_TASK TO CARRY OUT_
In the entries that follow, the first line to write out is the one containing "Used Land Rover", and the last is the one containing "Nhận định trận". Reproduce that stretch exactly, with nothing before or after it.

_SOURCE MATERIAL_
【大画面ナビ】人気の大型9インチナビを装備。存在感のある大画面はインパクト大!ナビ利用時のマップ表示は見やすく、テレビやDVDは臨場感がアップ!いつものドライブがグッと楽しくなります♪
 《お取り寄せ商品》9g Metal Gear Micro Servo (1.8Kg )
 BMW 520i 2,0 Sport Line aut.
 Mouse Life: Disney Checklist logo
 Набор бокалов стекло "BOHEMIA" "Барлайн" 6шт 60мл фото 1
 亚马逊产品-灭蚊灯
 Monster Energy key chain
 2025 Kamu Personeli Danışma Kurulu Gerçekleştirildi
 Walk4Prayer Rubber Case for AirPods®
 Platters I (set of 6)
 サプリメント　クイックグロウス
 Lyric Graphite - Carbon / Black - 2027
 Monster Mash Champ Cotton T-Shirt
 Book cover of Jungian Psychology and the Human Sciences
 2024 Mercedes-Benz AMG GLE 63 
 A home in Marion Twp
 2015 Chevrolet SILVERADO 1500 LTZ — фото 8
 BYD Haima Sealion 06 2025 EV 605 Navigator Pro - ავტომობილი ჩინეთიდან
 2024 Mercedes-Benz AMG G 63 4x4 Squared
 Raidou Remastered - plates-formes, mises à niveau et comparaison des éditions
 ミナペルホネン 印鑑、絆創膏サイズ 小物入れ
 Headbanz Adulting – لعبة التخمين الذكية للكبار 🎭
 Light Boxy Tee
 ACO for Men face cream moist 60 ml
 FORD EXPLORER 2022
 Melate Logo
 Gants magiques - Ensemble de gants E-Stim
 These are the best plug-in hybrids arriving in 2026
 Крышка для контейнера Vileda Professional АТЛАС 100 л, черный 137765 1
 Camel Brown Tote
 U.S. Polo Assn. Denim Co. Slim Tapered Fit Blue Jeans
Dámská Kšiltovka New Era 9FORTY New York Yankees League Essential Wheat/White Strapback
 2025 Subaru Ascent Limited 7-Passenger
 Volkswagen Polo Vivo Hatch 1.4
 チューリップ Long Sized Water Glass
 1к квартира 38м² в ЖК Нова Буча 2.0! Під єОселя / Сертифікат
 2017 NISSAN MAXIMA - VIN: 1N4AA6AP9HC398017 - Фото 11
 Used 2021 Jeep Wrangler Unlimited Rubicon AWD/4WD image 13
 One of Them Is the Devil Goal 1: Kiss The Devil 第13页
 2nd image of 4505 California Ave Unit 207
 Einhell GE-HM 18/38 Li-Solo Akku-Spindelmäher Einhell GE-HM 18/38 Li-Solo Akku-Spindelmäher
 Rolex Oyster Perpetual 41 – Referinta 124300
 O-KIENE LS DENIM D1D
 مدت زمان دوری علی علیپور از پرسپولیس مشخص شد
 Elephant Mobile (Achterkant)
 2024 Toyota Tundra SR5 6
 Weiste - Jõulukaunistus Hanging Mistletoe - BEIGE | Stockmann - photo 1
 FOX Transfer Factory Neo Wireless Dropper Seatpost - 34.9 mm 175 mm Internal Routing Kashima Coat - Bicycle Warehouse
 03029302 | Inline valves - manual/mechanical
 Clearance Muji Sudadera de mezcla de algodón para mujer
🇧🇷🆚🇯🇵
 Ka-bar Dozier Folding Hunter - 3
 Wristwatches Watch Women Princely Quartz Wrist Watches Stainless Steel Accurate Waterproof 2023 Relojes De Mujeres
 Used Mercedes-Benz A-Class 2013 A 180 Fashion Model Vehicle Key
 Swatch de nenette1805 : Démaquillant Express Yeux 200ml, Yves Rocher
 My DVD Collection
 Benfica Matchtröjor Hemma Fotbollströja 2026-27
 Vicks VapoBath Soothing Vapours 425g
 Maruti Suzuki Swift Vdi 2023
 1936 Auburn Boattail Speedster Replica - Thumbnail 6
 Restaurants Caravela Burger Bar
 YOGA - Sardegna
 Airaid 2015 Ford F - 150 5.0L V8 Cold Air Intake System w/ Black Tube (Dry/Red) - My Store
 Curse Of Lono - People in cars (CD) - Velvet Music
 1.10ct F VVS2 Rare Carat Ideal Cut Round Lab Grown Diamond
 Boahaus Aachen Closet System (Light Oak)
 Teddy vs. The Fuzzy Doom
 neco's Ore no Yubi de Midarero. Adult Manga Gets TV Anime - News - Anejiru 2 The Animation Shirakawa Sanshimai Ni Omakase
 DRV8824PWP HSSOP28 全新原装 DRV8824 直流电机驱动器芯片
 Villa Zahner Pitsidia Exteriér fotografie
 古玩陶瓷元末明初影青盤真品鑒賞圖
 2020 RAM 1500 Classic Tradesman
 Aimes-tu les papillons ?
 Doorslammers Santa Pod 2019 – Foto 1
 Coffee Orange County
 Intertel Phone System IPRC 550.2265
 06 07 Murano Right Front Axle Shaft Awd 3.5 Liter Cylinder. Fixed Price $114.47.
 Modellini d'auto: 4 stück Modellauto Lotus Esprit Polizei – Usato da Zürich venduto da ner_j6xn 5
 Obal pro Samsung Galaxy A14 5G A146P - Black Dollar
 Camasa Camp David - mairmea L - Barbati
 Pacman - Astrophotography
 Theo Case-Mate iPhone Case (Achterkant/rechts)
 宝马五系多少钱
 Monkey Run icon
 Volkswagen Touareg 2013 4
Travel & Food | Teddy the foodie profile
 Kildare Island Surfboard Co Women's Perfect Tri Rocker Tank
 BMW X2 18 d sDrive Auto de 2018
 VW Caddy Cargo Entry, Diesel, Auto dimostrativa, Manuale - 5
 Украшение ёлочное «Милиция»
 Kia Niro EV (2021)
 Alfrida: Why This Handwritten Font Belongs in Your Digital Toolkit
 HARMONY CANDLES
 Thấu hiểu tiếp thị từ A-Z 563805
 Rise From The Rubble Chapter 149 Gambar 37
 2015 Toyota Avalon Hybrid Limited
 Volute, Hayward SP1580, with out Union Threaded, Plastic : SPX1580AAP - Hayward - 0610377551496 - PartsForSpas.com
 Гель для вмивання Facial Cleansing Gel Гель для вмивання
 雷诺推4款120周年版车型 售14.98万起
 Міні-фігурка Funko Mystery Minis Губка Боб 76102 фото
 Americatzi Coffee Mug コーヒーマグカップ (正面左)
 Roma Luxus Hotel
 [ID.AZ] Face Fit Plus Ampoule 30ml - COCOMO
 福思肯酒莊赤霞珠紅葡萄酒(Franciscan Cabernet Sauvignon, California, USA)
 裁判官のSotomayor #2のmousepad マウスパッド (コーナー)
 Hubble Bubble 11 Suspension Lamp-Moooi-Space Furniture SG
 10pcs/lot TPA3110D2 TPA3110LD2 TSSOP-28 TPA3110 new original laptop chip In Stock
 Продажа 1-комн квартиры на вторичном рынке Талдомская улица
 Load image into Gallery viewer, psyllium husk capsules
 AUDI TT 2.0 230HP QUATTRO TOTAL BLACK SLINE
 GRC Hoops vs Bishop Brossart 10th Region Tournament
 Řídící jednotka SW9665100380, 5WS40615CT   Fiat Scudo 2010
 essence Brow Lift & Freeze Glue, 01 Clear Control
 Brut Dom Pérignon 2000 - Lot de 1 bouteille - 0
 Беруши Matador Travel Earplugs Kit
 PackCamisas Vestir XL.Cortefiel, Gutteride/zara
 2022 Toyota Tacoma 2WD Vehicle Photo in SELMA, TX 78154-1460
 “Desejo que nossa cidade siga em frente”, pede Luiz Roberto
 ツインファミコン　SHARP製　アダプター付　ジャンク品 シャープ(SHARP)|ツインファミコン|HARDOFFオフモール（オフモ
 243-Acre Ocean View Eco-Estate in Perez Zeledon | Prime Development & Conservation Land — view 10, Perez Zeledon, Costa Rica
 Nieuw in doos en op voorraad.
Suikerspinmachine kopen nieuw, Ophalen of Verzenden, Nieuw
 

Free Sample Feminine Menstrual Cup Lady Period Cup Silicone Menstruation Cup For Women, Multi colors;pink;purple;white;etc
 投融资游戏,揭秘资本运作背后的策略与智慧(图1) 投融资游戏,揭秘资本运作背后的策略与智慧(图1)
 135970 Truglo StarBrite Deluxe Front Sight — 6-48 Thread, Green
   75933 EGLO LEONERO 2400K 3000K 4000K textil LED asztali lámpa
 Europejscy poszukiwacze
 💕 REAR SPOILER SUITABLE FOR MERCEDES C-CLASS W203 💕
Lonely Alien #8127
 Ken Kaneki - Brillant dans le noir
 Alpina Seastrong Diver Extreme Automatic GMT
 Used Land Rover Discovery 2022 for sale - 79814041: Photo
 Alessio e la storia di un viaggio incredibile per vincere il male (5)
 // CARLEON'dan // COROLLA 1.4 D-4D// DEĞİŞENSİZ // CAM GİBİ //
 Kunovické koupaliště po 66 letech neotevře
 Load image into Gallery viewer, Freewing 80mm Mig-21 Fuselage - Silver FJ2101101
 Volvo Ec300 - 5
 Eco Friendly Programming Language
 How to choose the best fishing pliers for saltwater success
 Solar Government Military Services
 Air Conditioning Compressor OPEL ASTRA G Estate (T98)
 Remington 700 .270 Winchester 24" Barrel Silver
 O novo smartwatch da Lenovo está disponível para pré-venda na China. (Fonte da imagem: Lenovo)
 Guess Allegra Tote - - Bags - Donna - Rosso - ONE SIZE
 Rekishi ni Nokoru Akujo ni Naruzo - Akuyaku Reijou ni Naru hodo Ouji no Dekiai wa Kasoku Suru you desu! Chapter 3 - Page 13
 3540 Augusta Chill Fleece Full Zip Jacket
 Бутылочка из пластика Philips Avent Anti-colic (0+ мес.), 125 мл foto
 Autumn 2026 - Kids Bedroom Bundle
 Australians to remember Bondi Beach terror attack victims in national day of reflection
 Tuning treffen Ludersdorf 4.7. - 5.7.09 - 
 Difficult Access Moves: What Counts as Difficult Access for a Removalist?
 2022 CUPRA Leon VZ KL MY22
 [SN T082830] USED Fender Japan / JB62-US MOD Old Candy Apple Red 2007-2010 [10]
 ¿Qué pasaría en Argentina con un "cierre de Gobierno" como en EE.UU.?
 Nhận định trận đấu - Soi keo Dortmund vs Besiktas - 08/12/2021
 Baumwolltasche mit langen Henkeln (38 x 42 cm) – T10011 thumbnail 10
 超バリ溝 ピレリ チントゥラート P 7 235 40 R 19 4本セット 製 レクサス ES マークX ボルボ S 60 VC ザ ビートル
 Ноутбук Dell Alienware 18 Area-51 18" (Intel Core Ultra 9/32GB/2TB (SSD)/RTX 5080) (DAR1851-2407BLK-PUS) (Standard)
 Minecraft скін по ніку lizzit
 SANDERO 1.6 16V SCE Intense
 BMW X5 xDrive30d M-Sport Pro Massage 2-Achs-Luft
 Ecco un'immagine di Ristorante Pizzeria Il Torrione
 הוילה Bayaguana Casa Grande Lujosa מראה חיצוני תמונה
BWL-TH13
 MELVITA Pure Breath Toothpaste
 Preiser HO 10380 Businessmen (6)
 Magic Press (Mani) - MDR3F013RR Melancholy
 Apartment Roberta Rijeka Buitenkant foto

_WRITTEN RESPONSE_
 Used Land Rover Discovery 2022 for sale - 79814041: Photo
 Alessio e la storia di un viaggio incredibile per vincere il male (5)
 // CARLEON'dan // COROLLA 1.4 D-4D// DEĞİŞENSİZ // CAM GİBİ //
 Kunovické koupaliště po 66 letech neotevře
 Load image into Gallery viewer, Freewing 80mm Mig-21 Fuselage - Silver FJ2101101
 Volvo Ec300 - 5
 Eco Friendly Programming Language
 How to choose the best fishing pliers for saltwater success
 Solar Government Military Services
 Air Conditioning Compressor OPEL ASTRA G Estate (T98)
 Remington 700 .270 Winchester 24" Barrel Silver
 O novo smartwatch da Lenovo está disponível para pré-venda na China. (Fonte da imagem: Lenovo)
 Guess Allegra Tote - - Bags - Donna - Rosso - ONE SIZE
 Rekishi ni Nokoru Akujo ni Naruzo - Akuyaku Reijou ni Naru hodo Ouji no Dekiai wa Kasoku Suru you desu! Chapter 3 - Page 13
 3540 Augusta Chill Fleece Full Zip Jacket
 Бутылочка из пластика Philips Avent Anti-colic (0+ мес.), 125 мл foto
 Autumn 2026 - Kids Bedroom Bundle
 Australians to remember Bondi Beach terror attack victims in national day of reflection
 Tuning treffen Ludersdorf 4.7. - 5.7.09 - 
 Difficult Access Moves: What Counts as Difficult Access for a Removalist?
 2022 CUPRA Leon VZ KL MY22
 [SN T082830] USED Fender Japan / JB62-US MOD Old Candy Apple Red 2007-2010 [10]
 ¿Qué pasaría en Argentina con un "cierre de Gobierno" como en EE.UU.?
 Nhận định trận đấu - Soi keo Dortmund vs Besiktas - 08/12/2021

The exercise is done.